Alléchante sur le papier, la distribution s’avère dans les faits exceptionnelle. Commençons par les personnages dits « secondaires ». Chantés par Eve-Maud Hubeaux, Julien Dran et le très prometteur Sava Vemic, Tebaldo, Lerma et le Moine font plus qu’échapper à l’anonymat : ils contribuent, de manière déterminante, à la réussite de la représentation. Même chose pour l’Inquisiteur à la voix saine et sonore de Vitalij Kowaljow qui, contrairement à Dmitry Belosselskiy en 2017, n’escamote pas le mi grave de son duo avec le Roi.
Du quintette central, c’est Anita Rachvelishvili qui sort victorieuse à l’applaudimètre. Accueillie par une spectaculaire ovation au rideau final, la mezzo géorgienne, pour ses débuts en Eboli, balaie tout sur son passage, avec une opulence dans le timbre, une puissance dans l’émission et une arrogance dans l’aigu, qui clouent l’auditeur dans son fauteuil.
Oserons-nous alors un léger bémol ? Il y a, dans son incarnation, une pointe de vulgarité qui nous gêne. Entre ses graves un peu trop poitrinés, ses cheveux d’un noir de jais cascadant sur ses épaules, la robe de Carmencita qu’elle porte dans les jardins de la Reine et les poses aguicheuses que lui réclame la mise en scène, Anita Rachvelishvili évoque davantage Maddalena dans Rigoletto que l’altière Princesse. Raison pour laquelle nous souhaitons vivement la revoir dans un contexte visuel plus « traditionnel ».
Etienne Dupuis est impeccable en Posa : voix arrogante et fermement projetée, aigu facile, legato de haute école, phrasé élégant et éloquent. Quant à René Pape, il campe l’un des Filippo II les plus bouleversants dont nous ayons gardé le souvenir.
Scéniquement, d’abord, sans que l’on sache ce que son portrait de monarque alcoolique, complètement à la dérive dans sa vie personnelle, mais conservant sa dignité et son autorité en public, doit à ses propres dons d’acteur ou à l’influence de Krzysztof Warlikowski. Vocalement, ensuite, grâce à une émission tour à tour impérieuse et comme brisée par le poids de la vieillesse et du désespoir.

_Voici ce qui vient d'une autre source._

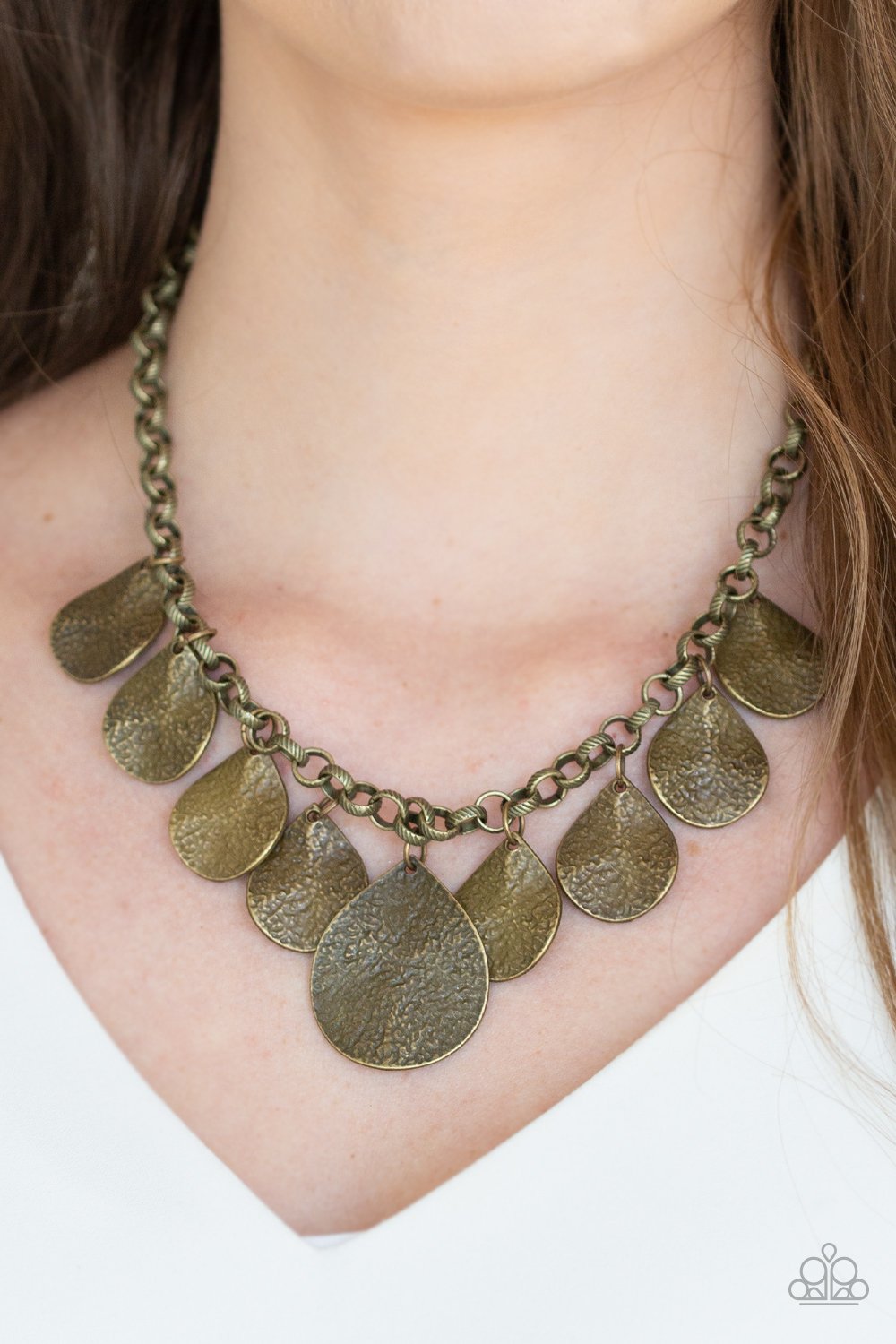 Texture Storm - Brass Fashion Necklace - Paparazzi Accessories - Hammered in antiqued shimmer, shiny brass teardrops dangle from a textured brass chain, creating an edgy fringe below the collar. Features an adjustable clasp closure.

Après trente et une années de carrière menées tambour battant, Roberto Alagna n’est logiquement plus en mesure d’éblouir par le soleil de son timbre, comme il le faisait dans le Don Carlos français, au Châtelet, en 1996. L’instrument sonne aujourd’hui plus sec, plus serré, handicaps que l’interprète compense par un art du chant, une qualité de diction et un impact dans l’aigu, qui en font toujours l’un des meilleurs ténors du circuit international.
À une réserve près : Don Carlo s’accommode moins bien que Canio, Otello, ou même Don José, du passage des ans. Il faut à l’Infant une jeunesse vocale que Roberto Alagna, aussi juvénile d’allure soit-il, ne possède plus. Et l’on s’en aperçoit d’autant mieux qu’il fait ici équipe avec une Elisabetta d’une fraîcheur et d’un rayonnement irrésistibles.
Aleksandra Kurzak, qui nous avait bluffé dans Otello à l’Opéra Bastille, au printemps dernier, avec déjà son époux pour partenaire, se surpasse pour ses débuts dans Don Carlo. Extraordinairement à l’aise dans l’aigu, forte comme pianissimo, parfaitement audible dans la partie inférieure du registre – dans une tessiture pourtant un peu trop basse pour son soprano lyrique, tendant désormais vers le spinto –, elle émeut de bout en bout. C’est elle, sans aucun doute, la révélation de la soirée.